- Brief
Pictures are not part of the answer. Return the lines from the one containing "Brown Top Millet Korle" through the end of the data, both included, exactly as they appear.

*** Provided entries

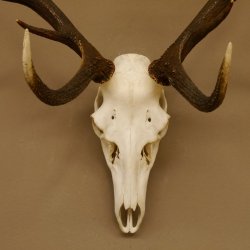 Red deer antlers 6-point stag Height 59 cm Deer antlers Carved trophy plaque 70.1031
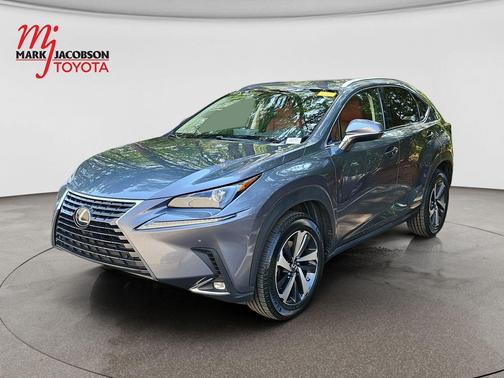Nebula Gray Pearl 2020 Lexus NX 300 Base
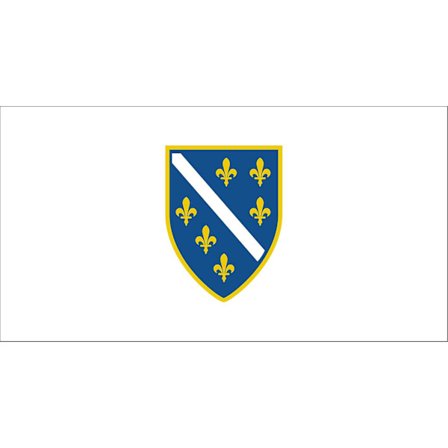 Bosniens flag (1992-1998)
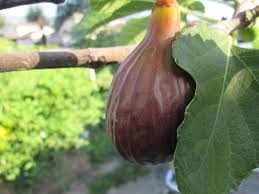 Risultati immagini per fico brogiotto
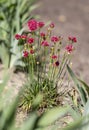 Carnations are beautiful flowers for your garden close up Royalty Free Stock Photo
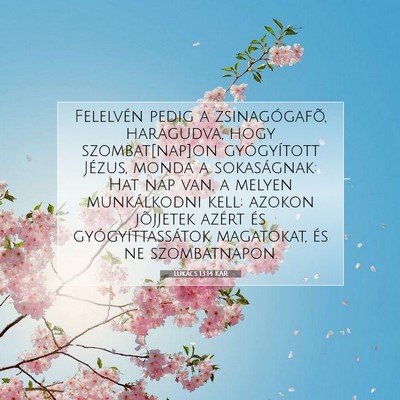Lukács 13:14 Bibliai vers magyarázata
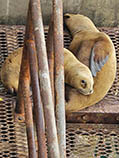 Image of Otaria flavescens (South American sea lion)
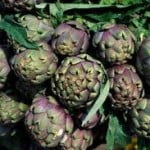 carciofi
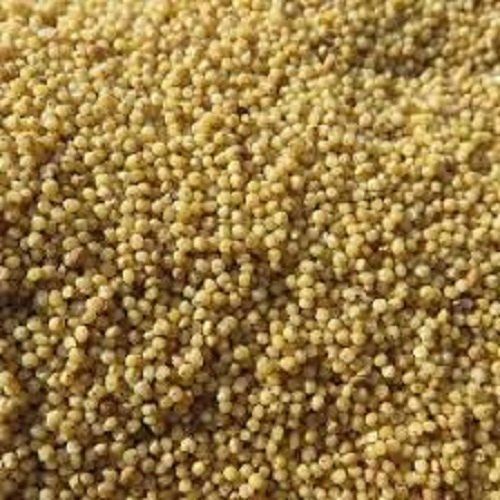 Brown Top Millet Korle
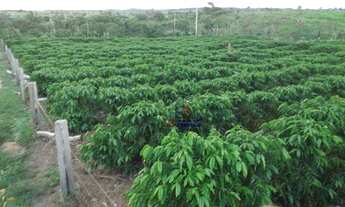 Imagem: Sítio com 2 dormitórios à venda, 338800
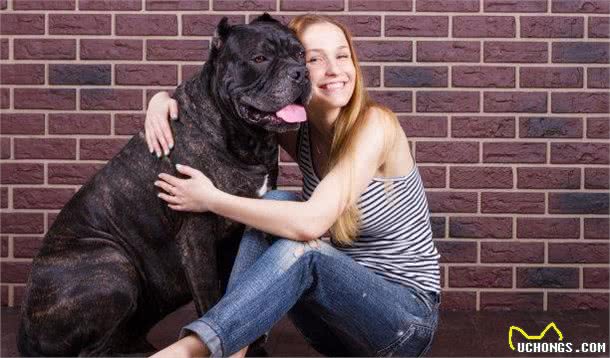 战斗力强大的卡斯罗犬，为何少人饲养?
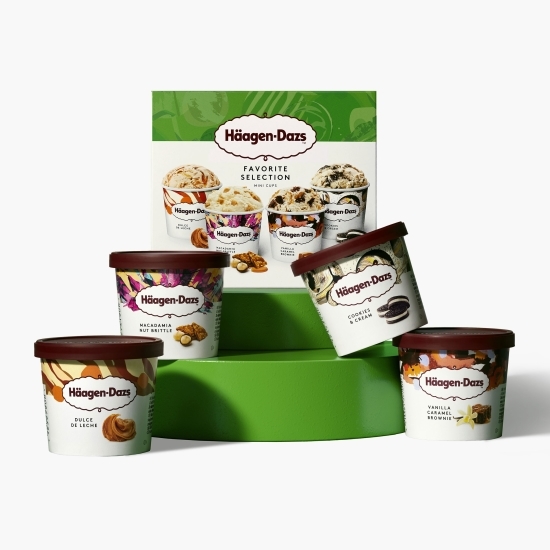 Înghețată multipack Favorite Selection, 4x95ml (2x78g, 2x81g)
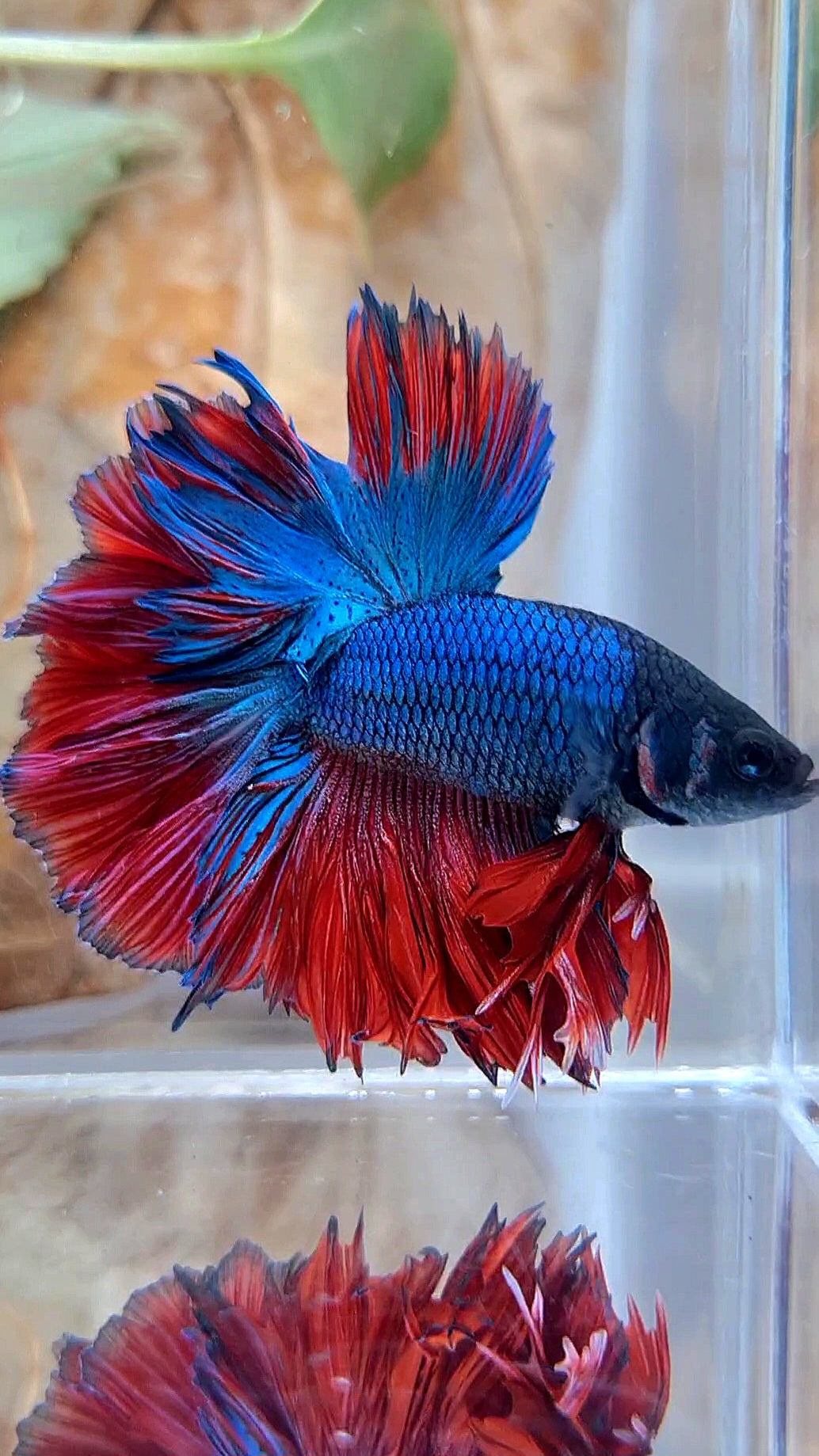KING ROSETAIL HALFMOON BLUE RED BETTA FISH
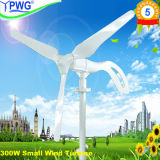Hot! off Grid Vertical 300W Wind Generator for Home Use off Grid System, Vawt for Roof Top Low Start Wind Speed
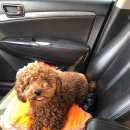 페테리안동물병원 이미지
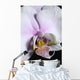 Orchid Wall Mural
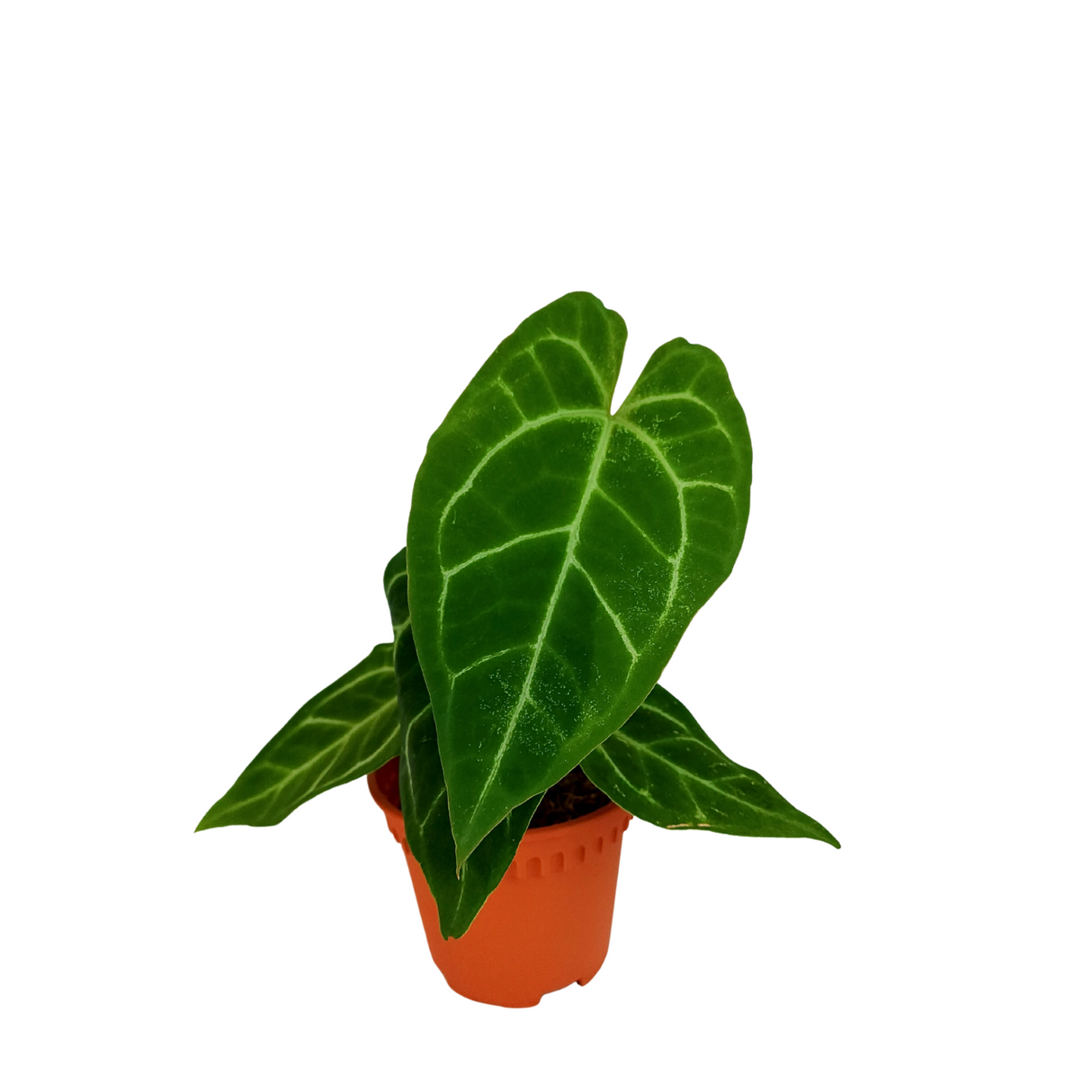 Anthurium Crystallium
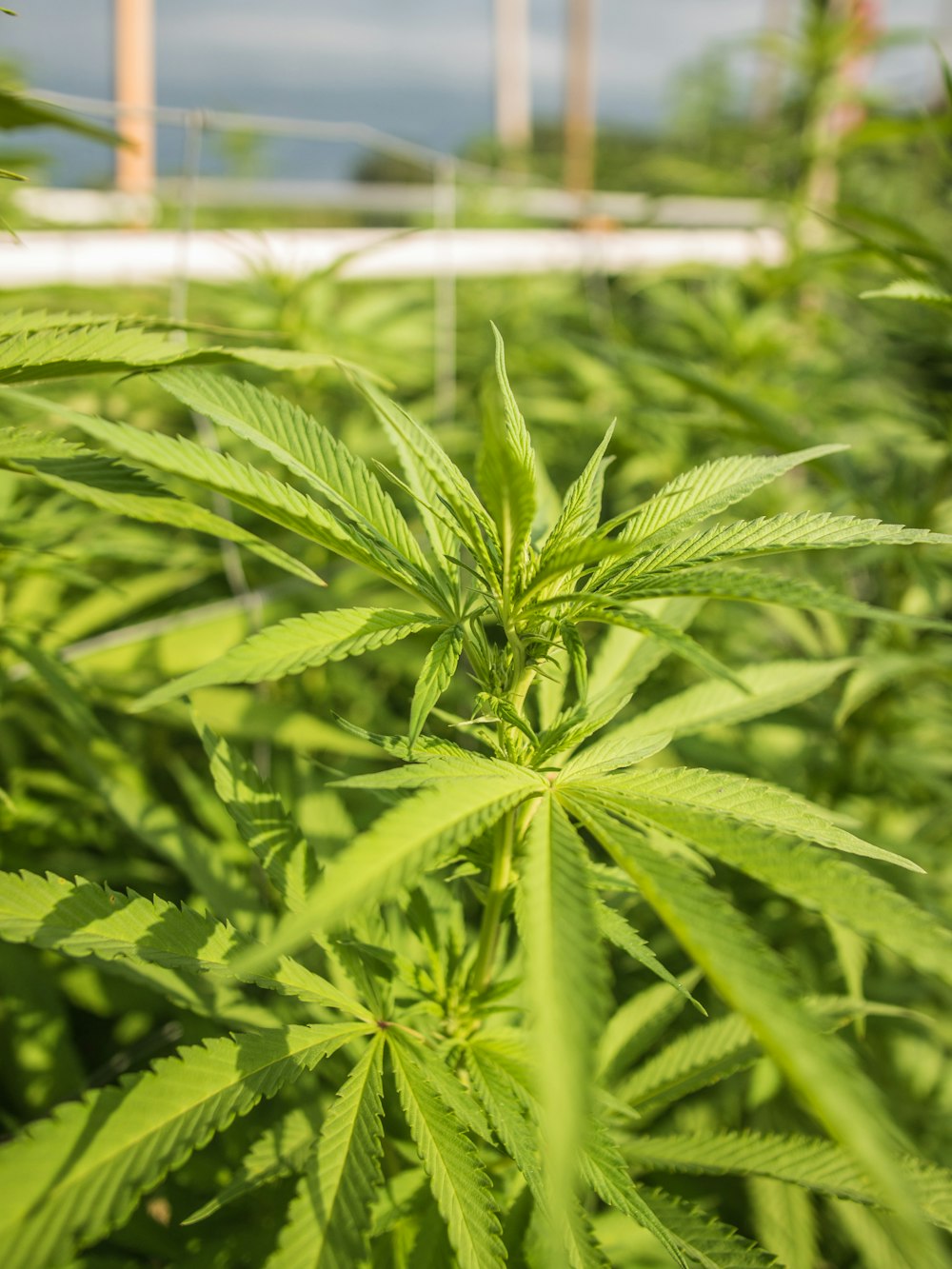 green leaf plant during daytime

******

- Solution to the exercise
 Brown Top Millet Korle
 Imagem: Sítio com 2 dormitórios à venda, 338800
 战斗力强大的卡斯罗犬，为何少人饲养?
 Înghețată multipack Favorite Selection, 4x95ml (2x78g, 2x81g)
KING ROSETAIL HALFMOON BLUE RED BETTA FISH
Hot! off Grid Vertical 300W Wind Generator for Home Use off Grid System, Vawt for Roof Top Low Start Wind Speed
 페테리안동물병원 이미지
 Orchid Wall Mural
 Anthurium Crystallium
 green leaf plant during daytime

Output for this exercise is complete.